Data for this task:
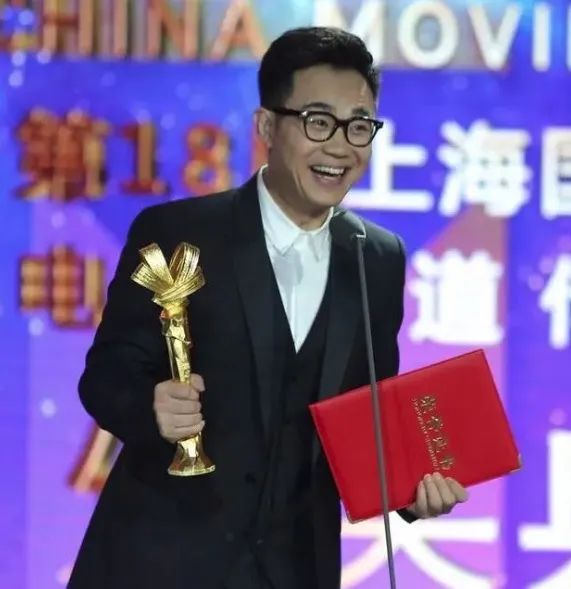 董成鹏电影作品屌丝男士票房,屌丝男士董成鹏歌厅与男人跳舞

* * *

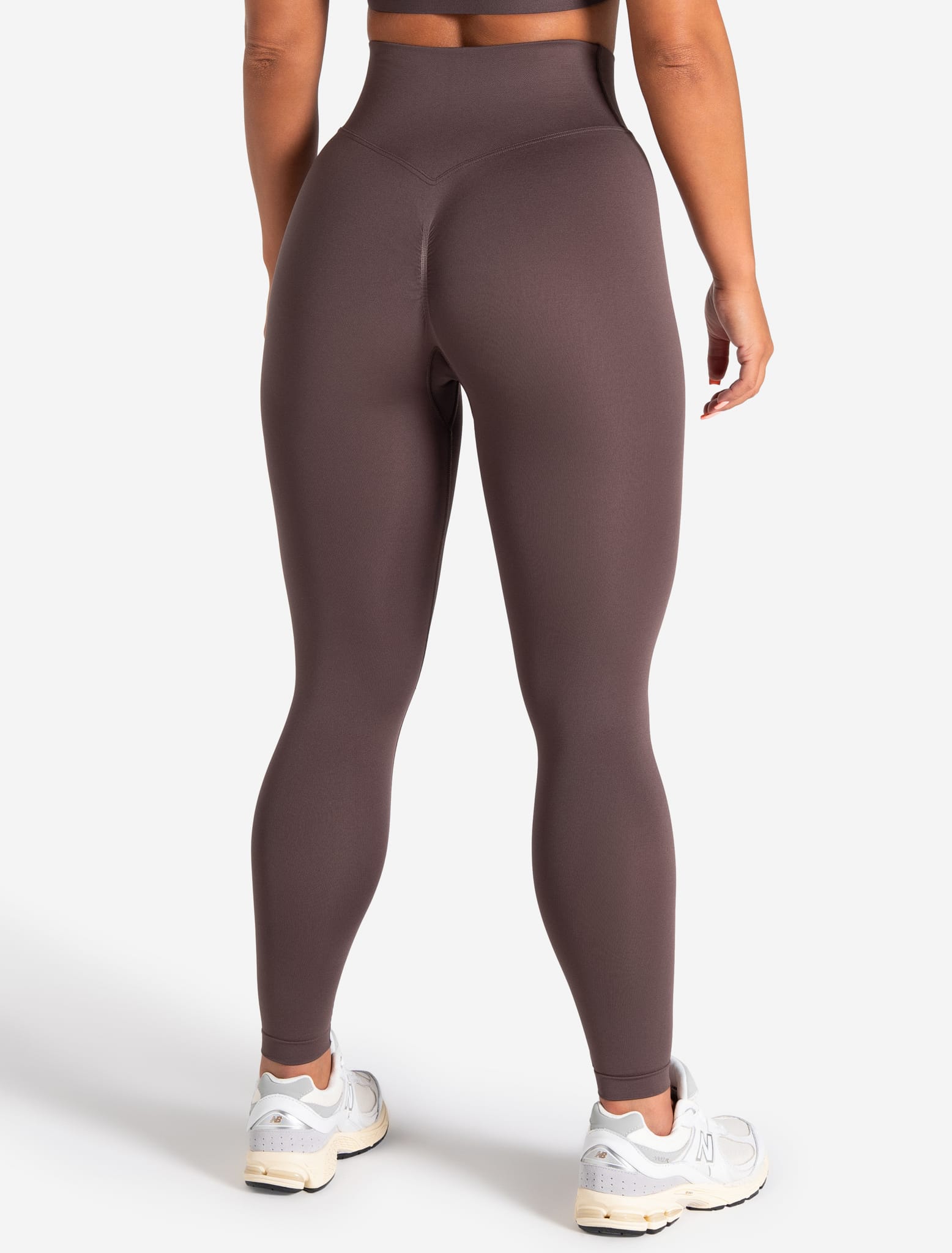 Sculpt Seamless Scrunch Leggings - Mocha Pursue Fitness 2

* * *

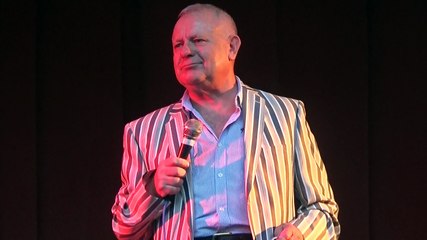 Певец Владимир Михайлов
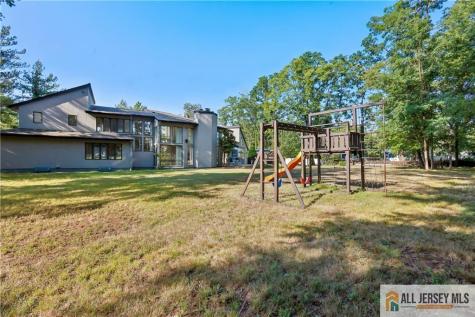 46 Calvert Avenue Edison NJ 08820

Aim of the task: Only the lines between the one with "Певец Владимир Михайлов" and the one with "46 Calvert Avenue Edison NJ 08820", those two included, get copied from the material above. Keep it exact and free of pictures.

Task solution:
 Певец Владимир Михайлов
 46 Calvert Avenue Edison NJ 08820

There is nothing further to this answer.